Panton’s trailblazing S-chair not only overhauled aesthetic conventions, it also elevated furniture design to a new technical standard. “It especially showed that a chair doesn’t need to be made of four legs, which opened a range of possibilities for new designers,” said Ana Milena Hernández Palacios, of the Valencia, Spain–based firm Masquespacio. “Panton was not afraid to take a risk in his designs, creating products that provoke a bunch of emotion.”
The S-chair was first cut from a single piece of plywood for its prototype form during the 1950s. Its earliest manifestations were produced in 1965 by Austrian-German manufacturer Thonet, and a select lineup was completed in fiberglass-reinforced polyester by 1967. With his reputation fully solidified on the global stage, Panton officially debuted the S-chair at the Cologne furniture fair the following year to superlative reception—though despite the favorable attention, numerous distributors initially rejected the design. It was Swiss furniture manufacturer Vitra that finally invested in Panton’s chair, which soon became the shimmering jewel of Danish design.

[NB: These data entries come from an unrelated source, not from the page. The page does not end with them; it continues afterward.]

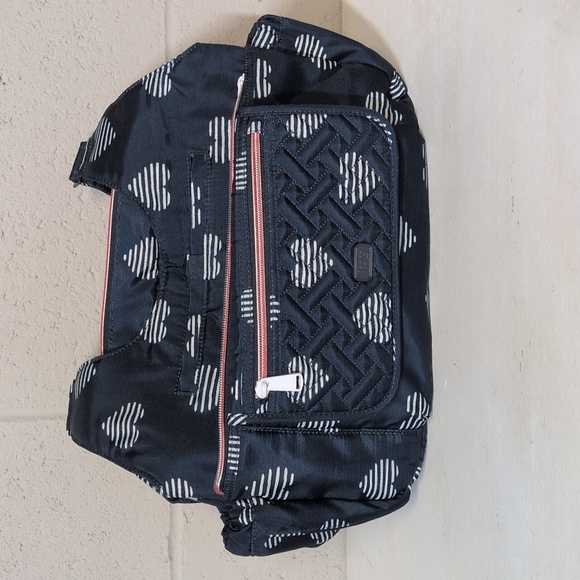 Lug Women's Romper Carry All Shoulder Bag, Brushed Navy Hearts, like new - Picture 15 of 15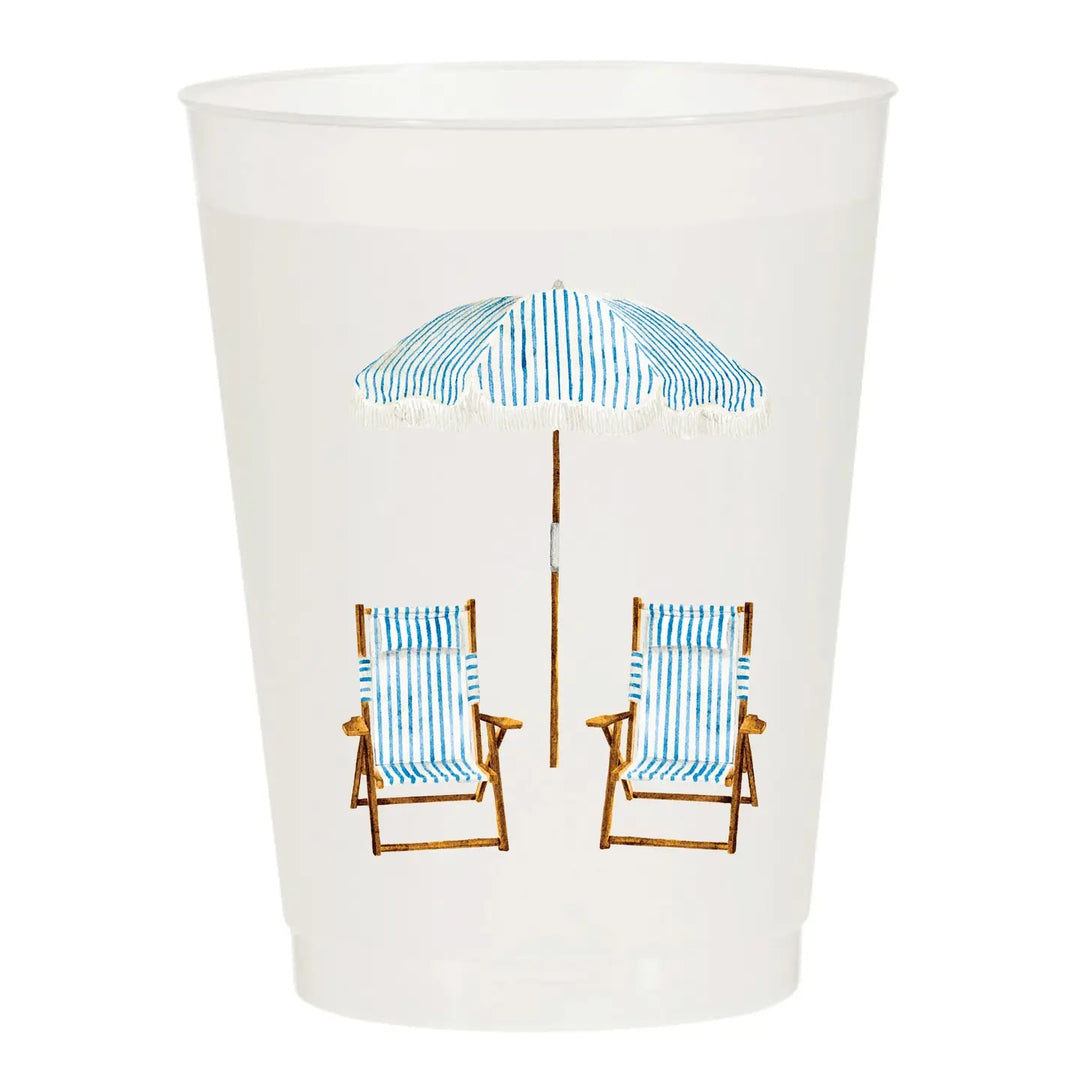 Set of six frosted glass cups from Sip Sip Hooray, showcasing their smooth, frosted finish and elegant home drinkware design.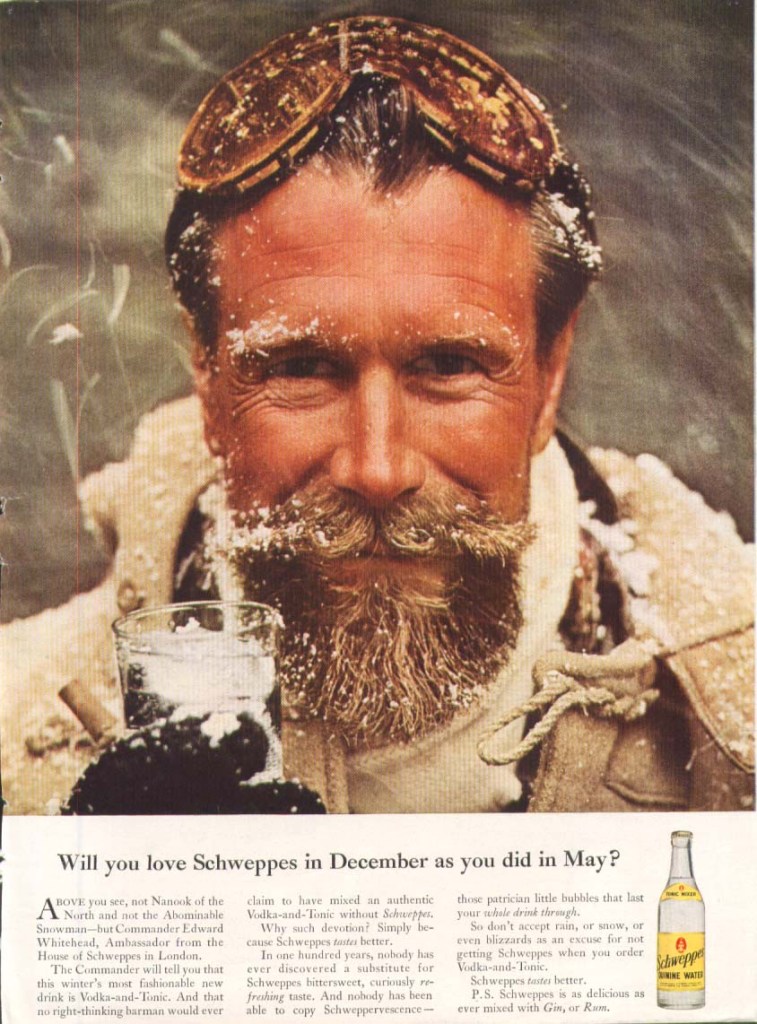 Publicité Schweppes - Commander Whitehead - Agence Ogilvy - Années 50/60 - Will you love Schweppes in December as you did in May ?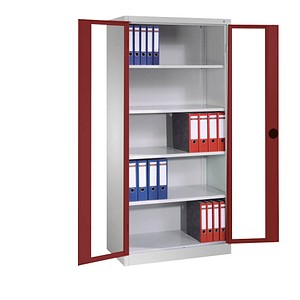 CP Stahlschrank 8931-055 S10299 lichtgrau, rubinrot, Acrylglas 120,0 x 50,0 x 195,0 cm, aufgebaut von Cp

Although lauded with the distinction as the first chair manufactured in molded plastic, the S-chair with not without its warts. It was heavy, and it was a challenge to manufacture due to the need for sanding and lacquering to be done by hand. Efforts to save costs and eliminate hand-finishing led to a steep decline in quality, but prayers were answered in 1971 in the form of a material known as thermoplastic polystyrene, or Luran S. The new, lighter chair design, which was injection-molded from pulverized colored plastic and required no finishing, was cheaper and easier to produce. It also boasted new ribs installed at the point of transition from base to seat to further solidify its structural integrity.